Dédale, pièce que l’on connaît déjà de longue date (créée en 1999), exprime mieux que tout développement redit après lui, ce labyrinthe initiatique dont le secret et le mystère demeurent jusqu’à la fin, intact, préservé de tout dévoilement. La pièce de 12 mn est un absolu chef d’oeuvre de concision et de construction dramatique : une ivresse aux cordes seules qui récapitule et englobe l’esprit des Métamorphoses de Strauss et La Nuit transfigurée de Schönberg : ses glissandi trahisent les sursauts du rêve animé, l’activité secrète de la psyché toujours efflorescente et jamais dévoilée.

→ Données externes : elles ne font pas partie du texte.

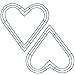 Pack of 2 Heart Shaped Wire Wreath Frame 12 Inches Dark Green Metal Wreath Frame for DIY, Floral Decorations on Weddings, Proposal, Greeting Party, Celebrations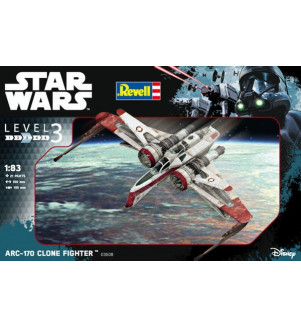 REVELL Star Wars Maquette 1/83 ARC-170 Fighter 10 cm 63608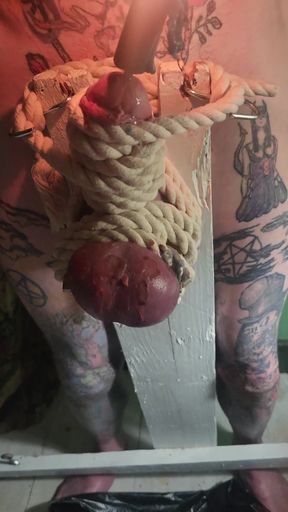 Goode Girl Flogging Balls by Candle Light Pt2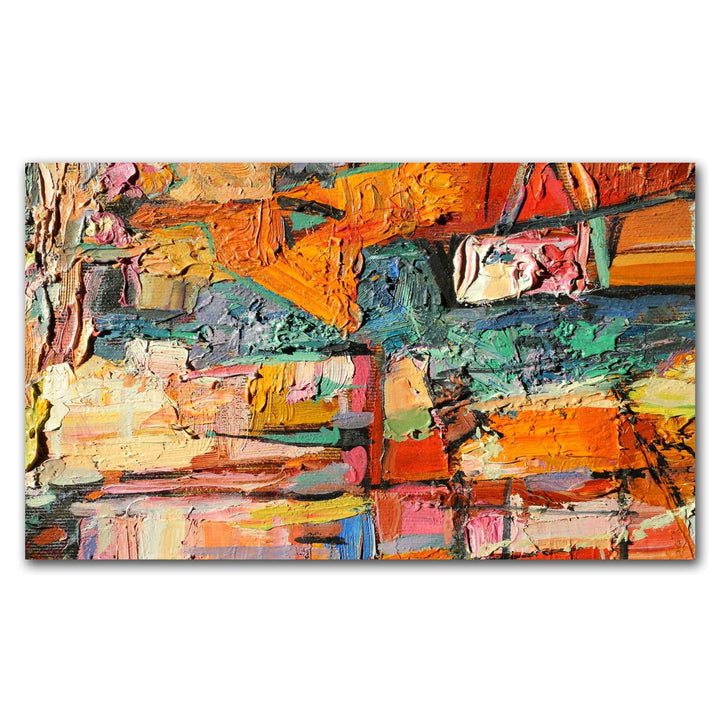 FineArts Rolled Canvas Painting - Brush Stroke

De l’aveu du compositeur, il s’agit du prolongement d’une lecture de Borges, mais aussi de la réminiscence d’un songe qui convoque une matière mouvante inaccessible. La section centrale plus dramatique et explicitement narrative concentre, aspire, exaspère toute velléité de la conscience, pour replier cette arche vers l’émergence de l’immatériel, comme au début : dans des miroitements contenus mais bien actifs. Un chef d’oeuvre que chacun doit « vivre » et éprouver au disque mais aussi au concert, comme une courte expérience fulgurante. Contraste mené par Johan Farjot et Arnaud Thorette et la harpe enchantée, orphique de Ceysson signent une éblouissante lecture de cette pièce du sublime.
CD, compte rendu critique. Karol Beffa : Into the dark. Ensemble Contraste. Johan Farjot, direction. Avec Karine Deshayes (mezzo, Nuit obscure), Arnaud Thorette (violon, alto), Emmanuel Ceysson (harpe) et Karol Beffa (piano). 1 cd Aparté. Programme enregistré à Paris (Temple Saint-Marcel) en janvier et février 2013. Durée : 1h11mn. CLIC de classiquenews de juin 2015.